Catalyst and Material Development for Warm Cleanup of Biomass or Coal-Derived Syngas: Tar, Methane, Inorganic Contaminant Species, and CO2 Removal
EMSL Project ID
46194
Abstract
Syngas from biomass or coal has many applications in the area of catalytic fuels and chemicals synthesis, as well as hydrogen production for petroleum refineries, ammonia synthesis and for fuel cell applications [1]. In all cases, the gasifier-derived syngas must be treated to remove a number of impurities which would otherwise poison the processing catalysts [2]. Inorganic impurities include alkali salts, chloride, sulfur compounds, heavy metals, ammonia, and various P, As, Sb, and Se-containing compounds.
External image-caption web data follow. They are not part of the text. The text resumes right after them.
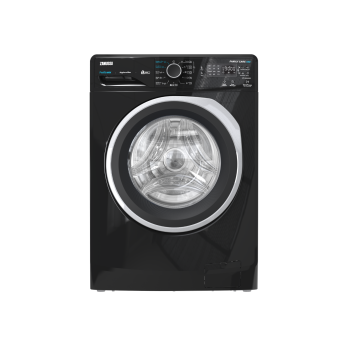 Zanussi Automatic Washing Machine 7 Kg Black ZWF7240BS5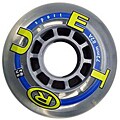 72mm 82a True Sport Inline Wheels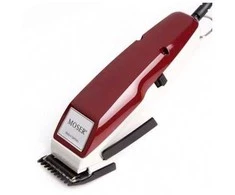 MOSER 1411 Mini BORDO E1248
Many of these must be removed to part per billion levels due to their strong interaction with water-gas-shift and synthesis catalysts. Product gas from a biomass gasifier also contains small quantities of hydrocarbon gases such as ethane, organic liquids broadly classified as tars, and inorganic impurities such as H2S, HCl, NH3, and alkali metals. These tars (e.g., aromatic hydrocarbons) are notorious for condensing and subsequently polymerizing on downstream equipment such as compressor and gas turbine surfaces if the gas is cooled sufficiently. Tars also potentially contribute to significant carbon deposition on catalyst surfaces for processes involved in adjusting the raw gas composition to a synthesis gas suitable for synthesis of higher alcohols or other products.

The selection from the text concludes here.